Life is filled with work
Meiyo hates,
and while he saws, 2X4’s,
trims lengths of 2X10’s on table saw,
inside his veins another world
in full color etches
a blue sky on his bones,
a man following a bison herd,
and suddenly his hammer becomes a spear
he tosses to the ground
uttering a sound we do not understand.
The image is clear. A carpenter unhappily at work. But this is just the present time, the surface that covers another world, another time going on simultaneously within the border of his physical self, the history of his ancestors (inside his veins) that he can only dream about. The old world is in color, contrasting with the single wood beige of the present, more alive and alluring. In contrast also is the hate/love, the static repetition of the sawing remains in places vs. the action of a moving bison herd. The sound is possibly where the different times meet, the sawing of the wood, the pounding of hooves that we can only imagine. The man becomes his dream, “his hammer becomes a spear” and he speaks in the ancient language of his ancestors. (Although I’m thinking of the language, it doesn’t feel right to me because it would be something we would indeed understand–the language of common ground.) It is metamorphosis by desire. It is daydreaming to the enth degree. The change is complete when he tosses his hammer to the ground as if it were a spear. What we don’t know is if he can walk away completely. It is a feeling that we relate to, with any job we did not want to do. With people we did not want to be. A dream.

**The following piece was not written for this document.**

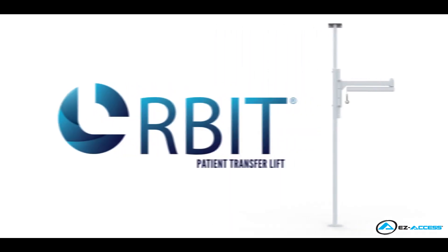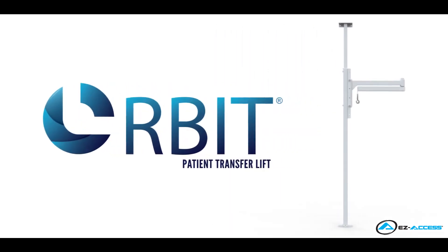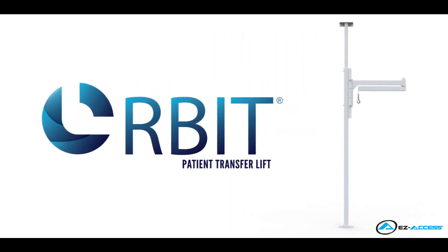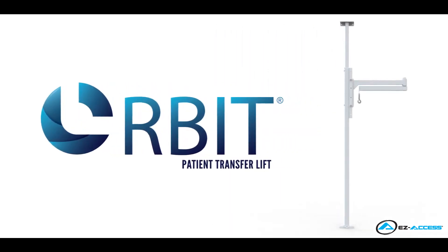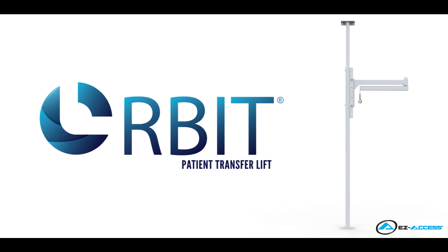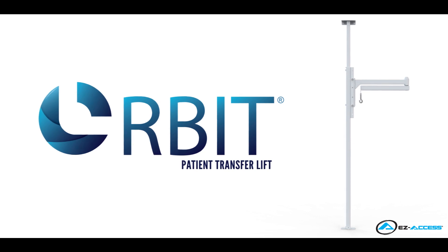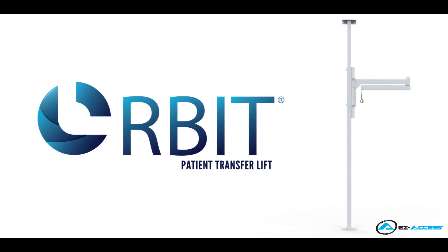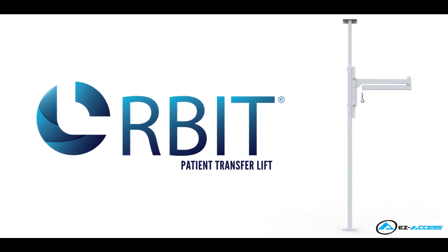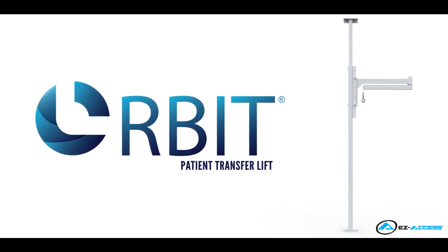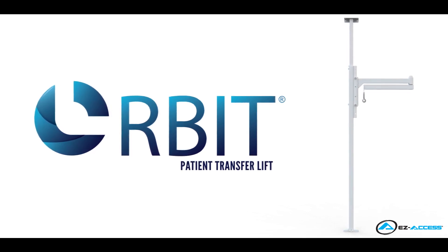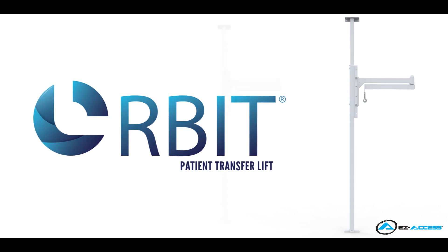Easy Access Orbit Patient Transfer Lift is an American-made, safe, and convenient device to assist in the lifting and transferring of individuals with limited mobility.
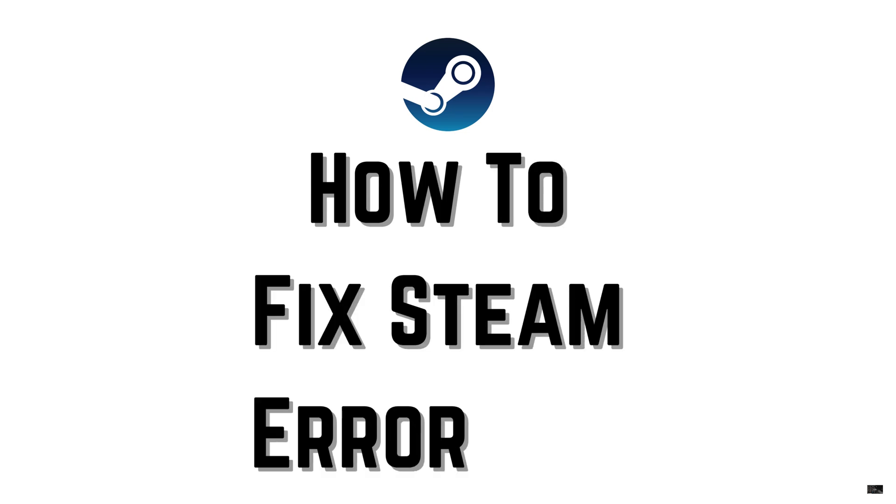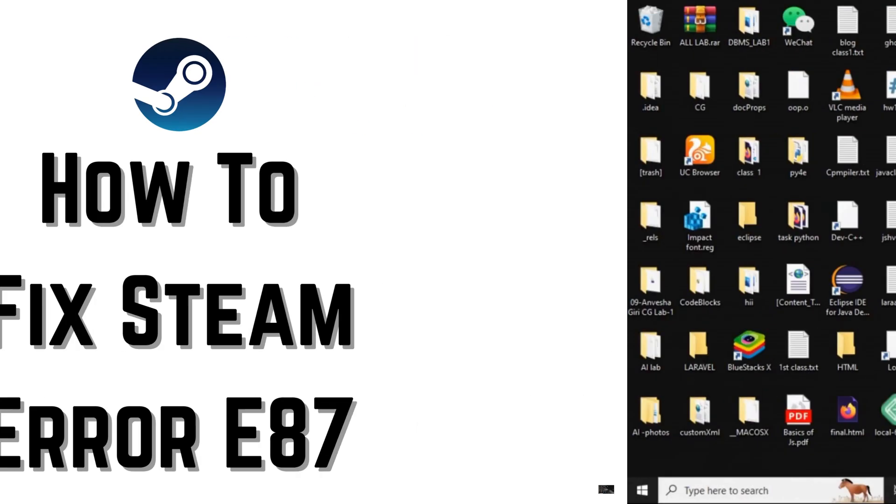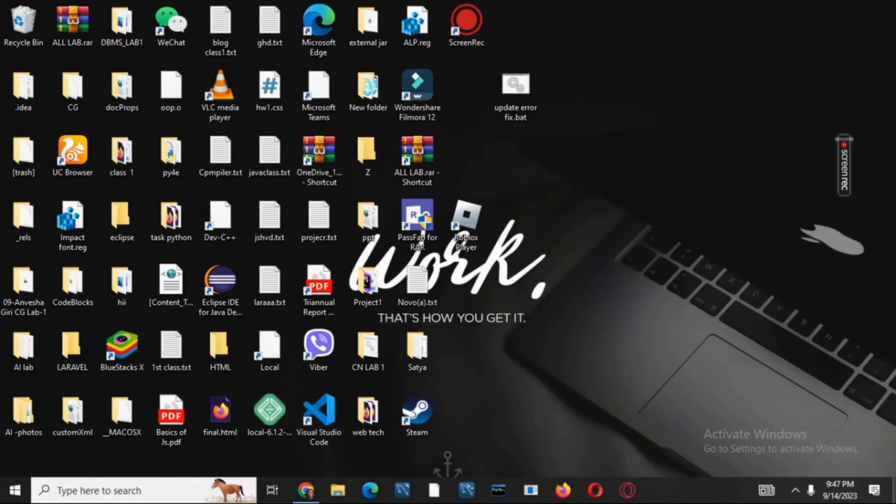How to fix Steam error E87. Hello everyone, and let's get started. If you are getting this error E87, here are some of the preliminary fixes that you can try. Make sure that you listen to each of the options and try it.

Probably it is more important that a piece have a sense of relativity, a spark of common feeling to readers, rather than how well a piece is written. Writing also allows for second thought–and third, and fourth–on both the speaker’s end as well as the reader’s, so while gut feeling is a starting point, intellect and experience can enhance and clarify; a definite advantage over verbal skills.
For example, after being presented with Joyce Kilmer’s “Trees” by ecstatic nuns in grade school, I had it ripped apart by my high school English teacher to show it for the ridiculously impossible image that it was: mouth against the earth while looking upwards to God, arms upraised, and a snowy bosom. But the initial response to this poem has almost always been positive, and further analysis is the revelation.
I would say Ouch! Yes, he is torn between dreams and work he must do, but he nailed his finger by daydreaming. This reaction came as a clear cut image from my mind before I read Gibb’s response. All of what Gibb described was compacted into a single reaction for me; it emphasized the day dream. A response can be quick or slow and when an author is effective I think he can draw different images from different people. I also think different images can be drawn apon from the mood and experience the reader has at the time of reading a poem. It takes an artist to offer such diversity for its readers.
Beverly, that’s wonderful! I can clearly see this interpretation, and it changes the meaning of the poem according to the reader’s reaction–even the “uttering a sound that no one understands” holds then another language, perhaps that of a string of curses.
This illustrates beautifully how meaning of narrative is open and dependent upon the reader’s personality as well as frame of mind. You have brought Meiyo back to reality while I have him disappear back into his history and we each come out with a different feeling of the same group of words. Nice.